Every record should be copied exactly, and the images omitted.

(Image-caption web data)
* * *
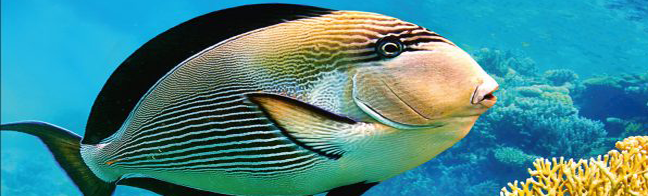 Dive Uncharted Sites Around The Turks Caicos Islands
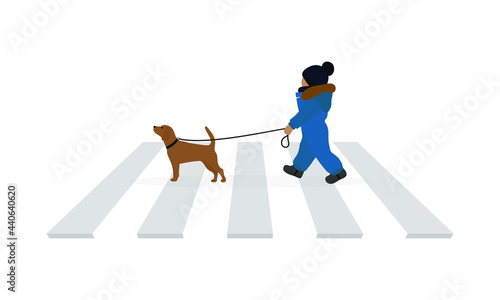 A small child in warm clothes walks along a pedestrian crossing with a dog on a leash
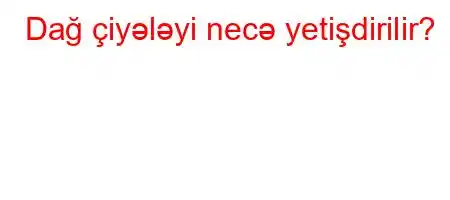 Dağ çiyələyi necə yetişdirilir?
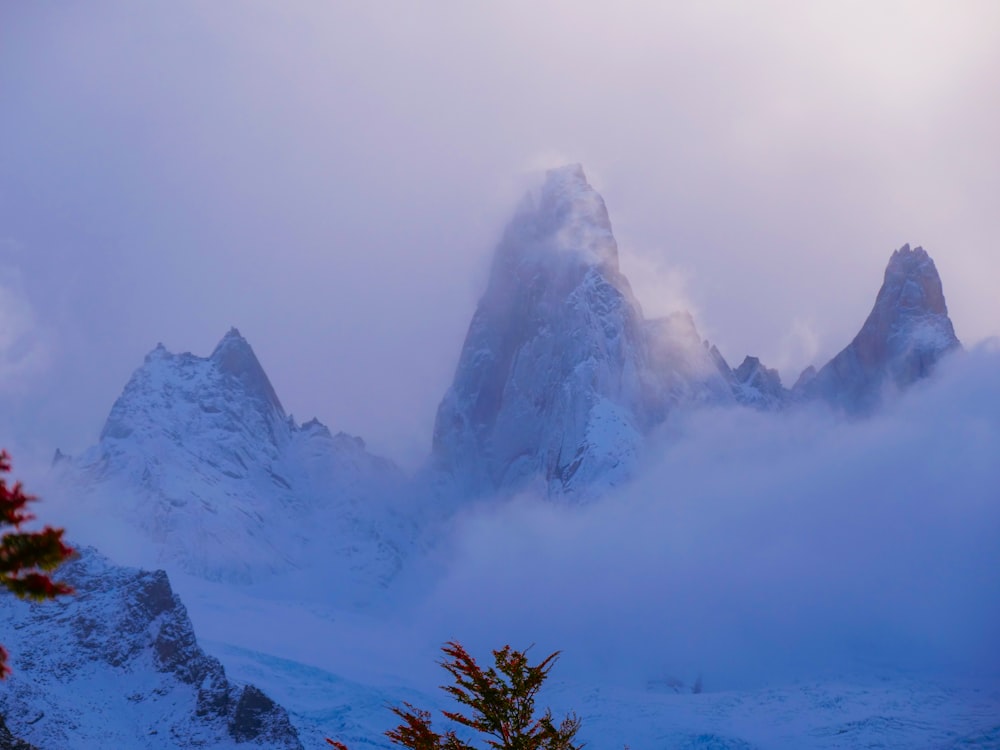 a mountain covered in snow with a few trees in the foreground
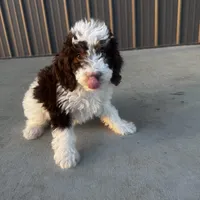 Timmy, a male Miniature Bernedoodle for sale in Albia, IA – Photo 4 of 10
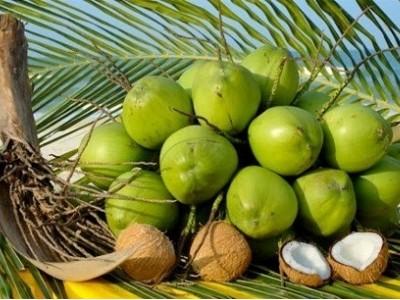 Dừa tràn ngập Cà Mau, giá bán giảm mạnh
* * *
TASK ANSWER:
 Dive Uncharted Sites Around The Turks Caicos Islands
 A small child in warm clothes walks along a pedestrian crossing with a dog on a leash
 Dağ çiyələyi necə yetişdirilir?
 a mountain covered in snow with a few trees in the foreground
 Timmy, a male Miniature Bernedoodle for sale in Albia, IA – Photo 4 of 10
 Dừa tràn ngập Cà Mau, giá bán giảm mạnh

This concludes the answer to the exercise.